Authors:

Le XueManli ShuAnas AwadallaJun WangAn YanSenthil PurushwalkamHonglu ZhouViraj PrabhuYutong DaiMichael S RyooShrikant KendreJieyu ZhangCan QinShu ZhangChia-Chih ChenNing YuJuntao TanTulika Manoj AwalgaonkarShelby HeineckeHuan WangYejin ChoiLudwig SchmidtZeyuan ChenSilvio SavareseJuan Carlos NieblesCaiming XiongRan Xu

Paper:

https://arxiv.org/abs/2408.08872

Introduction

Large Multimodal Models (LMMs) have garnered significant interest due to their potential applications and emergent capabilities. Despite recent advancements in both proprietary and open-source LMMs, there remains a gap in access to open weights, training recipes, and curated datasets. This gap hinders the open-source community from replicating, understanding, and improving LMMs. To address these challenges, the xGen-MM (BLIP-3) framework is introduced, which scales up LMM training by utilizing an ensemble of multimodal interleaved datasets, curated caption datasets, and other publicly available datasets. This framework aims to make LMM research and development more accessible to the community.

Related Work

Recent advancements in LMMs have explored two main architectural approaches: the cross-attention style and the decoder-only style. The cross-attention approach integrates vision and language modalities through a complex attention mechanism, while the decoder-only architecture connects pre-trained language models to visual inputs using lightweight connectors. The xGen-MM (BLIP-3) adopts the decoder-only architecture, which simplifies the integration process while maintaining robust multimodal capabilities. This approach has been effective in models such as MM1, VILA, LLaVA, phi3-vision, and Otter.

Model Architecture

Architecture Overview

The xGen-MM (BLIP-3) framework adopts an architecture consisting of a Vision Transformer (ViT), a vision token sampler (perceiver resampler), and a pre-trained Large Language Model (phi3-mini). The input to the model can be free-form multimodal interleaved texts and vision tokens from diverse multimodal data sources.
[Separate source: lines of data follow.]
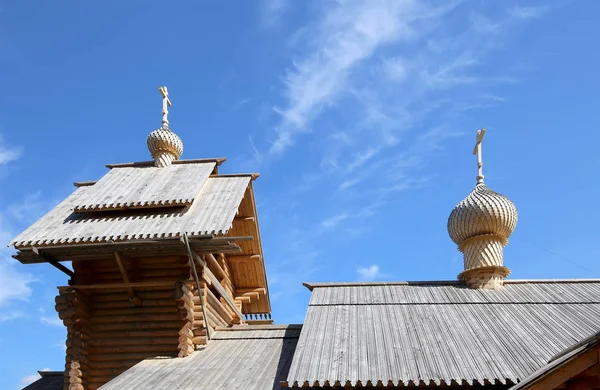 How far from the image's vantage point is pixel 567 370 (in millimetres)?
4707

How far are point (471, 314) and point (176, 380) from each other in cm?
523

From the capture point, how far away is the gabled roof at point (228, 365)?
8.66 m

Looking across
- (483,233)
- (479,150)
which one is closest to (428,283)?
(483,233)

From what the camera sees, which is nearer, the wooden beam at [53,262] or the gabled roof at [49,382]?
the wooden beam at [53,262]

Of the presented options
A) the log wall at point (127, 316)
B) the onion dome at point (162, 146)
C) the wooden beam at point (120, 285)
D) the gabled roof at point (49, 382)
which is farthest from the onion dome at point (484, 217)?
the gabled roof at point (49, 382)

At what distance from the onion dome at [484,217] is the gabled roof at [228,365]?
4199 millimetres

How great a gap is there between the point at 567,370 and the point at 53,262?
9.48 meters

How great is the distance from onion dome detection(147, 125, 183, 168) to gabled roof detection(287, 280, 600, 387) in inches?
209

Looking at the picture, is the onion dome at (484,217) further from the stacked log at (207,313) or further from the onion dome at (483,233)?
the stacked log at (207,313)

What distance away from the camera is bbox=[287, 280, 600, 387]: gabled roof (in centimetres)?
771

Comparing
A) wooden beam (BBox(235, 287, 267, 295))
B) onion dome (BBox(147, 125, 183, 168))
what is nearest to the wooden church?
onion dome (BBox(147, 125, 183, 168))

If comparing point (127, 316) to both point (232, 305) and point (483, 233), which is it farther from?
point (483, 233)

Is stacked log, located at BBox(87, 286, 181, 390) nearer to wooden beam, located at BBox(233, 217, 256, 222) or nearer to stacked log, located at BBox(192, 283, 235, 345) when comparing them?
stacked log, located at BBox(192, 283, 235, 345)

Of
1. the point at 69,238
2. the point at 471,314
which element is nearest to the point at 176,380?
the point at 69,238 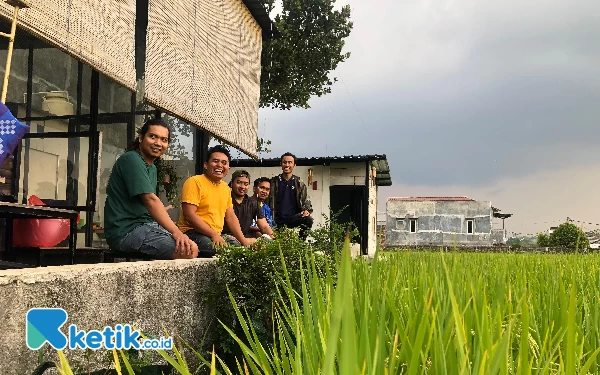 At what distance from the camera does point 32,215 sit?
3.71 m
Any-Resolution Vision Token Sampling

The framework adopts a dynamic high-resolution image encoding strategy at the fine-tuning and post-training stages. This strategy preserves the resolution of the original image by splitting it into multiple patches and encoding them separately. The encoded image patches are concatenated with a downsized original image that provides global information. The perceiver resampler is used to downsample the vision tokens, reducing the sequence length of vision tokens by a factor of five or more.

Training

Pre-training

The pre-training objective is to predict the next text token across the dataset mixture. The base model xGen-MM-Phi3-mini-base-r is pre-trained for about 100 billion multimodal tokens from the ensembled dataset, with a pre-training resolution of 384×384 pixels.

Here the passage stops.